Some Amish were hesitant to answer questions, especially when we
took notes. A few, particularly more conservative Amish, declined to
talk with us at all. Others were glad to talk at length, some inviting
us to walk a little out of the way so they could sing less
conspicuously. For the lengthier interviews, researchers asked a variety
of questions about child-rearing practices, the kinds of songs sung to
young children, the importance of singing in Amish life, and
interviewees were also asked to sing on tape. Such questions often led
to other areas of discussion, such as wedding or funeral practices,
women's roles, reports of abuse in Amish families,
"Brauch" (8) Johnny healers, and other health issues. In their
own homes, the Amish were very happy to talk about their experiences
raising children and offered us refreshments, inviting us to come back
when they could gather some of their friends to talk with us.
Three Nursery Songs
When we began gathering nursery songs in this protected
ethno-religious community, Amish informants enjoyed bringing out
songbooks (with lyrics only) they had collected from bus rides to Iowa
or Kentucky. Then, they sang for us their favorites, "Mockingbird Hill," and a Swiss ballad about a young lover lying in the
graveyard. One informant insisted that we record an
"important" song and began to sing the camp song, "Found
a Peanut." We persisted, asking them to sing only songs they would
sing to babies. After considerable thought, Amish parents explained that
they sang English nursery songs, such as "Ten Little Indians"
and "Mulberry Bush," as well as Christian children's
songs, such as "Fishers of Men" and "Jesus Loves Me"
to their children in both Pennsylvania Dutch and English. Amish adults
also sing "fast" songs--hymns which they learn in school, at
Sunday night sing-alongs, and other Amish gatherings. The Amish began to
collect these hymns in the late nineteenth century into songbooks such
as the Unparteiische Liedersammlung. These are not sung particularly
fast, but are distinguished from the "slow" or church songs
from the Ausbund.
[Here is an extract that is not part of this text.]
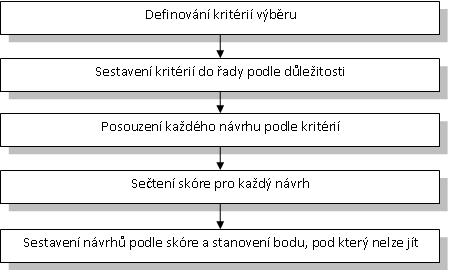 UTB ve Zlíně, Fakulta managementu a ekonomiky 19 Obrázek 2: Rozhodovací proces, Zdroj: De Pelsmacker, P.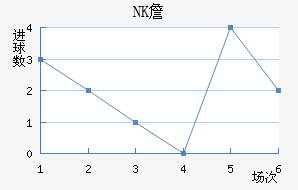 NKղ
Like all traditional Amish music, these songs are
monophonic, that is, one melodic line without accompaniment.
Of all the songs we collected, three songs in particular seemed to
express the values that Amish parents seek to impart to their children:
"Raddy, Raddy, Gally," "Schlof, Bubeli, Schlof," and
"Es sind zween Weg." Each of these songs underscores the
importance the Amish place on the extended family and on farming as the
preferred livelihood which includes everyone in the community/family
regardless of gender or age. Among the Amish, the ideal is that
individuals know their roles, and unite to build an effective,
harmonious community. The repetition of songs to children is seen as a
powerful way to effect the internalization of the notion of such social
harmony in children from an early age. Children who daily hear soothing,
gentle words and melodies of songs such as "Schlof, Bubeli,
Schlof," which emphasizes the emotional well-being brought about by
such social harmony; "Es sind Zween Weg," which describes the
clear choices that the Amish person faces between worldly, materialistic
conformity to the values of the surrounding culture or devotion to the
separated fellowship; and "Raddy, Raddy, Gally," which evokes
the sheer joy of parental love and the desire to hold children close and
give them pleasure, are thus thought to be pleasantly and lovingly
socialized into the Amish way.
[ILLUSTRATIONS OMITTED]
Parents sing the unpitched, singsong "Raddy, Raddy,
Gally" while bouncing a toddler on a knee. In contrast to the
American nursery song, "This is the way the gentlemen ride,"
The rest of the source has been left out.